Behandlungmit eigenem Blut
Es wird nichts Körperfremdes eingebracht. Aufbereitet wird das eigene Blut.
PRP, thrombozytenreiches Plasma
Aus einer Blutprobe wird der Anteil mit hoher Blutplättchenkonzentration gewonnen und in das Gelenk oder an den Sehnenansatz gespritzt. Die Blutplättchen setzen Wachstumsfaktoren frei, die regenerative und entzündungshemmende Vorgänge anstoßen.
PRP, thrombozytenreiches Plasma im Einzelnen
- Dauer
- etwa 30 Minuten
- Strahlung
- keine
- Wer zahlt
- Selbstzahler
- Kosten im Einzelnen
- Keine Leistung der gesetzlichen Krankenkassen. Wir nennen Ihnen die Kosten vorher
- Vorbereitung
- Entzündungshemmende Medikamente sollten vorher besprochen werden
Wofür wir das einsetzen
Blutplättchen setzen bei einer Verletzung Wachstumsfaktoren frei, die Heilung in Gang setzen. Wird das eigene Blut so aufbereitet, dass diese Zellen konzentriert vorliegen, lässt sich der Effekt an der gewünschten Stelle verstärken.
Eingesetzt wird das Verfahren bei Abnutzung des Gelenkknorpels und bei Verletzungen oder Reizungen von Bändern, Muskeln und Sehnen, wie sie im Sport häufig vorkommen.
- Arthrose an Knie, Hüfte und Schulter
- Chronische Sehnenreizungen
- Frische Muskelverletzungen
- Bänderdehnungen und Bänderrisse
Wie es abläuft
Zuerst wird Blut abgenommen, wie bei einer normalen Blutentnahme.
Die Probe wird zentrifugiert. Dabei trennt sich der plättchenreiche Anteil vom übrigen Blut.
Dieser Anteil wird in das betroffene Gelenk oder an den Sehnenansatz gespritzt, bei Bedarf unter Ultraschallkontrolle. Meist sind mehrere Sitzungen im Abstand von ein bis zwei Wochen vorgesehen.
Häufige Fragen
Wird mir etwas Körperfremdes gespritzt?
Nein. Verwendet wird ausschließlich Ihr eigenes Blut, aufbereitet in der Zentrifuge.
Wie viele Sitzungen sind nötig?
Meist mehrere im Abstand von ein bis zwei Wochen.
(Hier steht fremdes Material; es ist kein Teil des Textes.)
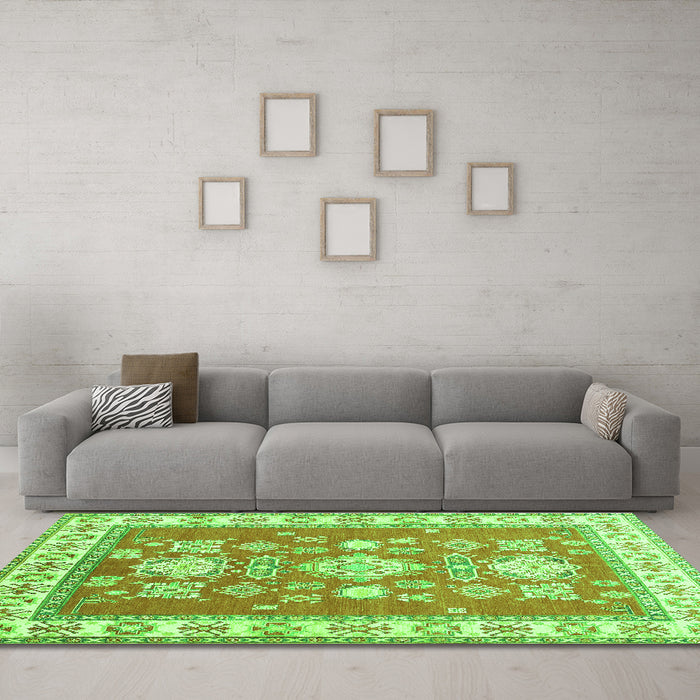 Machine Washable Geometric Green Traditional Area Rugs in a Living Room,, wshtr415grn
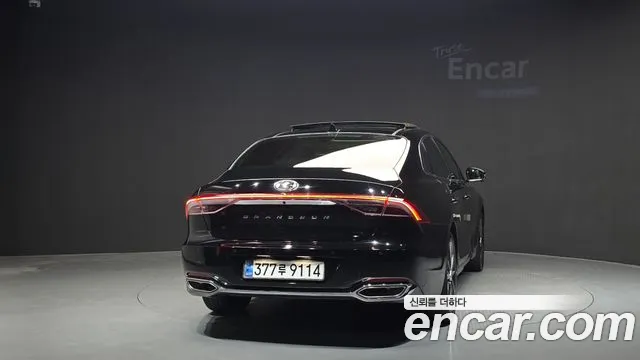 Hyundai Grandeur New — Фото автомобиля 4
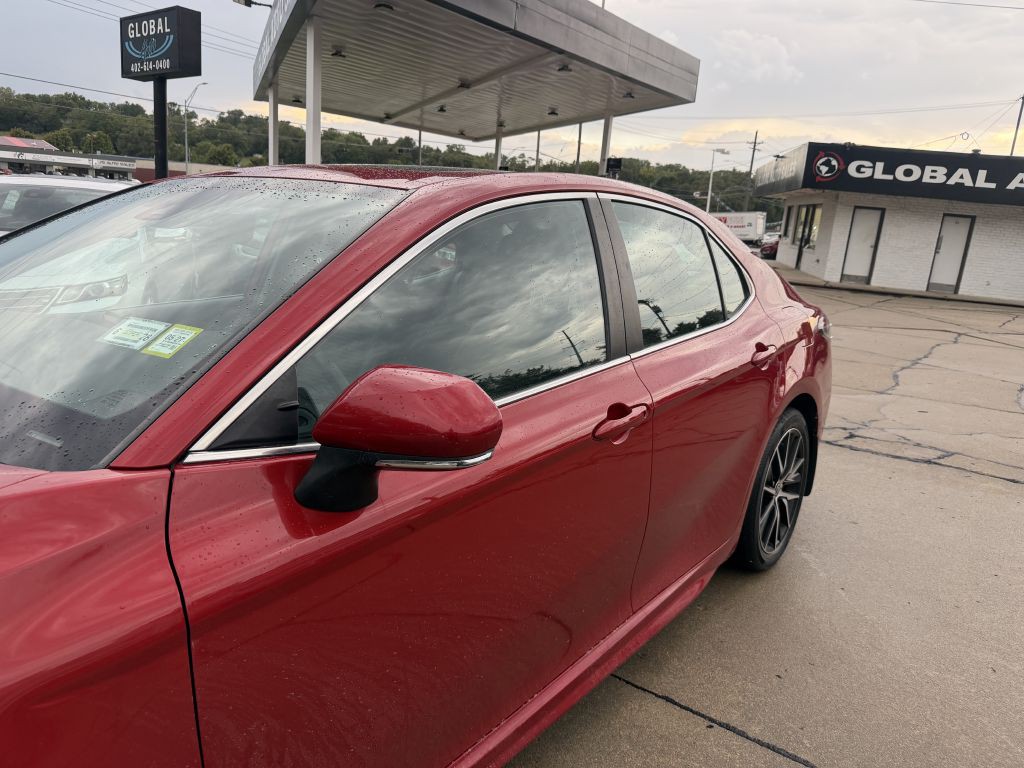 2021 Toyota Camry Image 22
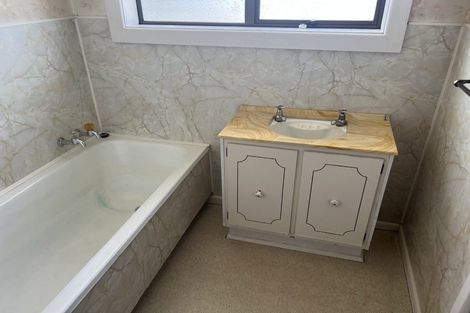 Photo of property in 510 Sawyers Arms Road, Harewood, Christchurch, 8051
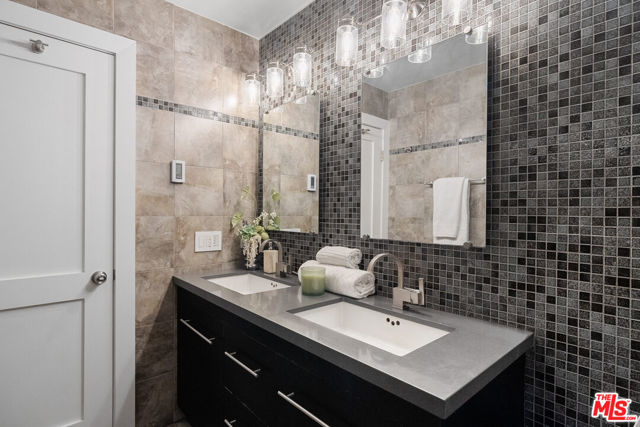 1230 Horn Avenue, West Hollywood CA: https://media.crmls.org/mediaz/c334368e-7b55-4191-998f-f969c992b2e3.jpg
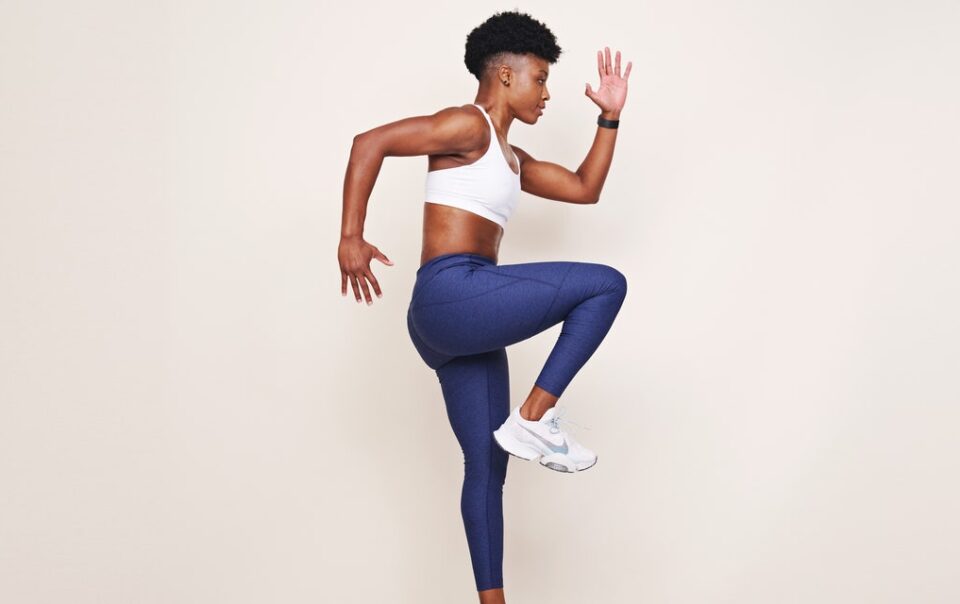 15-plyometric-exercises-that’ll-crank-up-your-workout’s-intensity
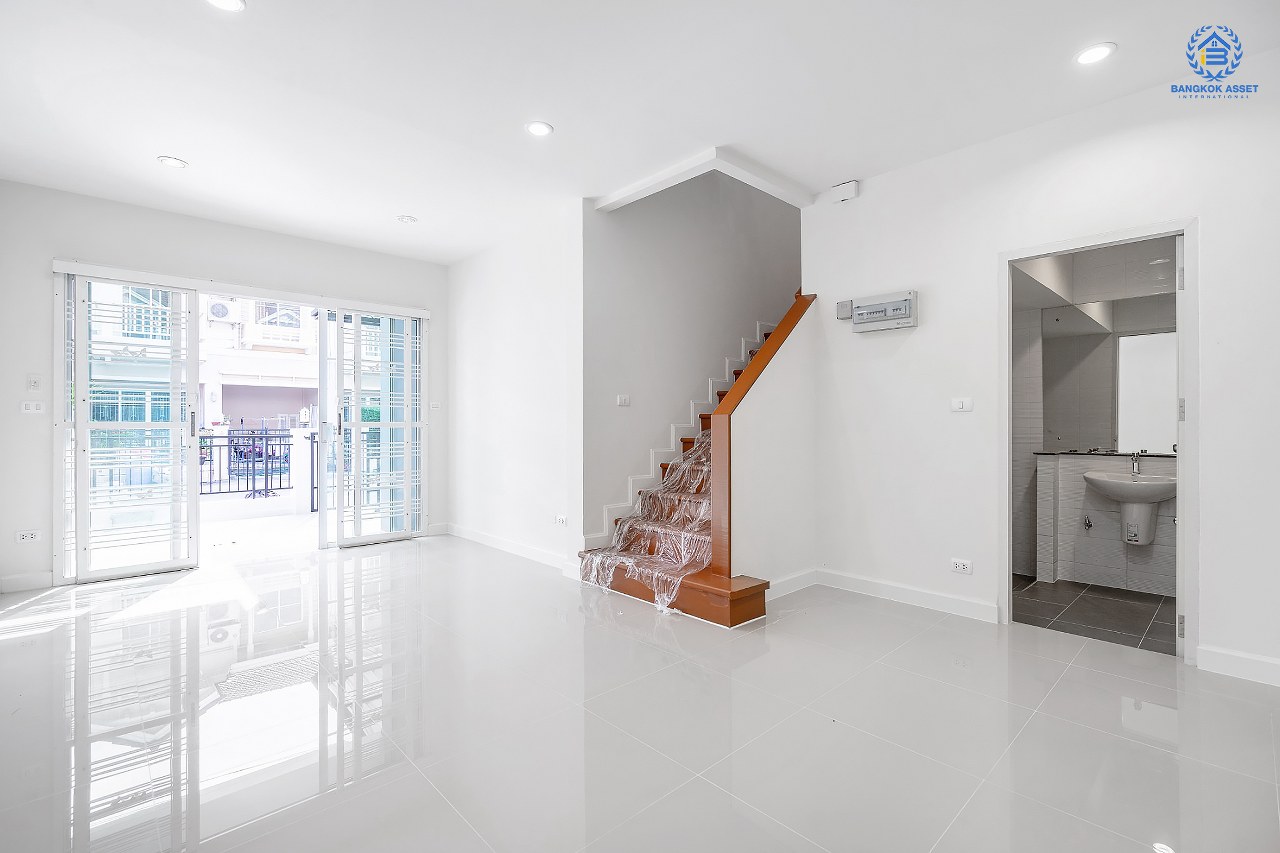 บ้านมือสองตกแต่งใหม่ จาก Property Perfect โครงการ เดอะวิลล่า ราชพฤกษ์-ท่าอิฐ  ตกแต่งพร้อมเข้าอยู่ เนื้อที่ 18 ตร.ว. ฟังก์ชั่นครบ 3 ห้องนอน 2 ห้องน้ำ รองรับทุกการอยู่อาศัย บนทำเลใกล้รถไฟฟ้า สถานีบางรักน้อยท่าอิฐ เชื่อมต่อทั้งถ.รัตนาธิเบศร์ และถ.ราชพฤกษ์...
Die genaue Zahl hängt von der Beschwerde ab.
Zahlt die gesetzliche Krankenkasse?
Nein. Wir nennen Ihnen die Kosten vorher.
Wann das nicht das Richtige ist
Kein Verfahren passt zu jedem. Was hier steht, ist der Teil, den andere weglassen.
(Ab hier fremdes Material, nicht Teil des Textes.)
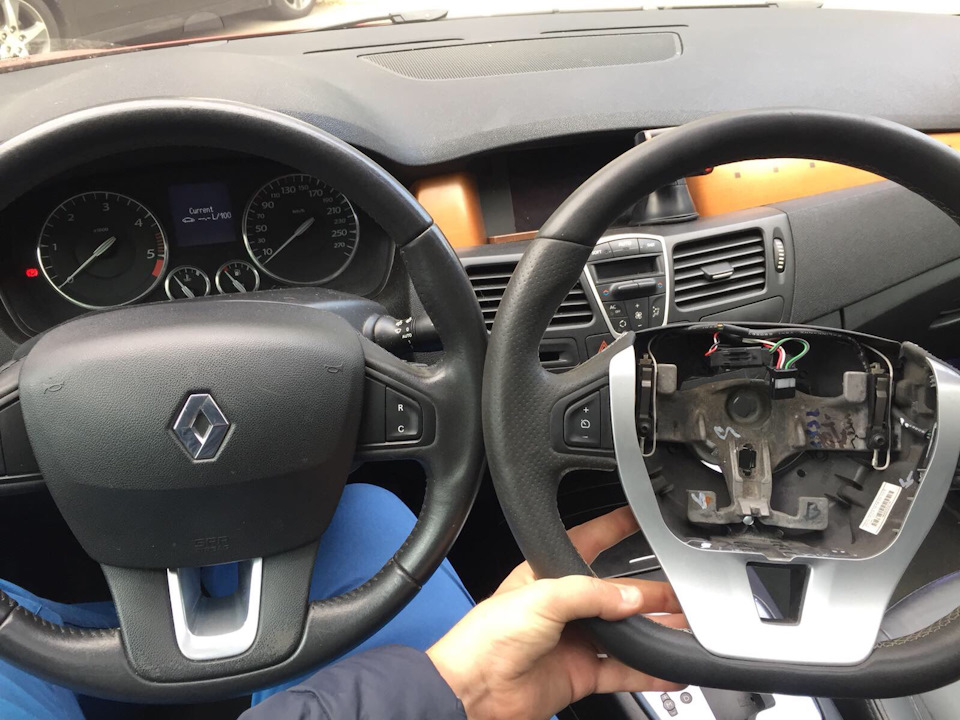 Как снять руль лагуна 3 Руль GT Renault Laguna 3 - Renault Laguna III, 2 л, 2007 года аксессуары DRIVE2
Die Datenlage ist uneinheitlich. Für manche Anwendungen gibt es Untersuchungen mit günstigem Ergebnis, für andere nicht. Wir sagen Ihnen, in welche Gruppe Ihre Beschwerde fällt, statt eine Erfolgsquote zu nennen, die wir nicht belegen können.
Bei weit fortgeschrittener Arthrose ist von der Behandlung wenig zu erwarten.
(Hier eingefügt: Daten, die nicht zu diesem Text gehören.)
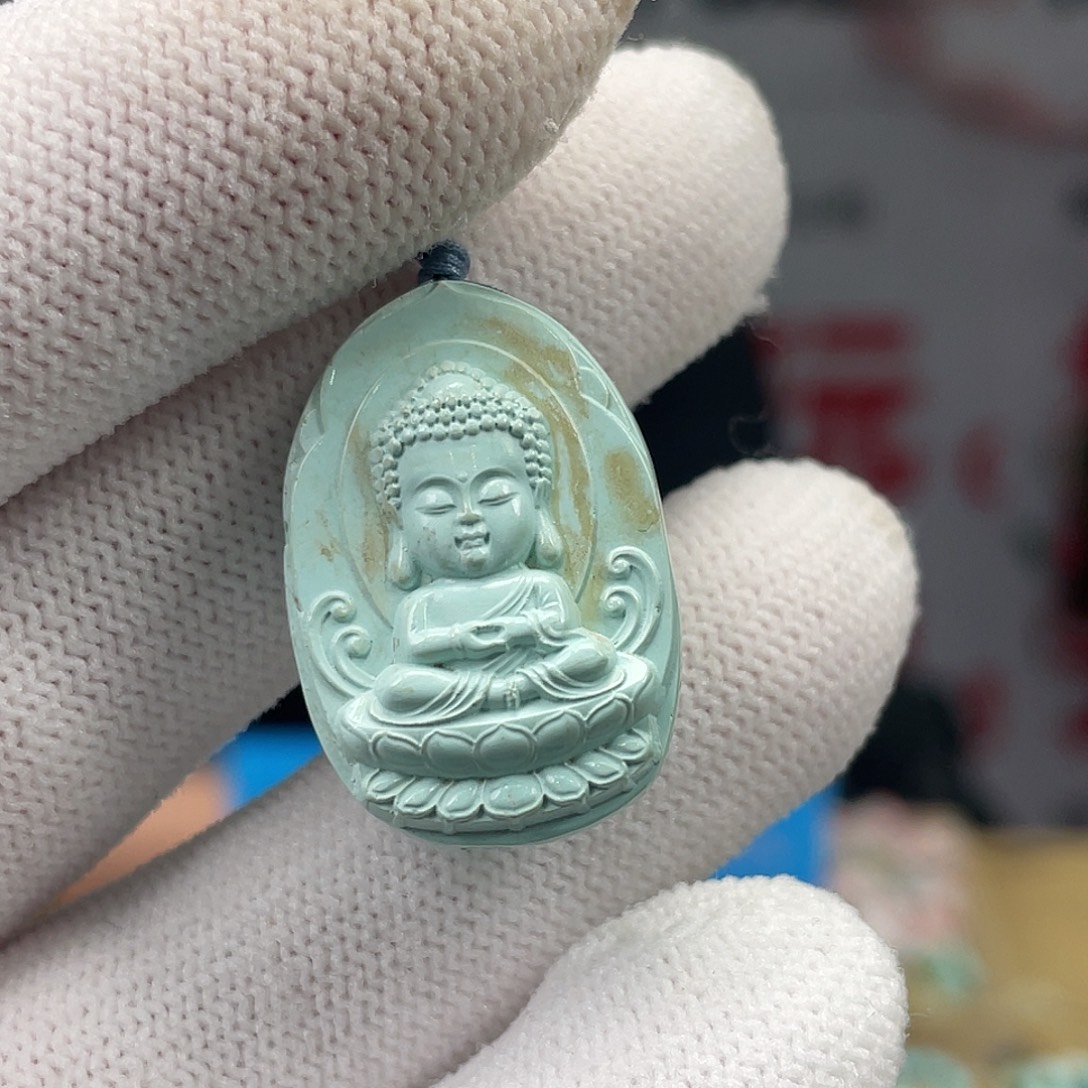 绿松石未镶嵌挂件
Entzündungshemmende Medikamente können die Wirkung beeinträchtigen und sollten vorher besprochen werden.
Die gesetzlichen Krankenkassen zahlen nicht. Es ist eine Leistung, die Sie selbst tragen, und deshalb gehört die Frage dazu, ob sie sich in Ihrem Fall lohnt.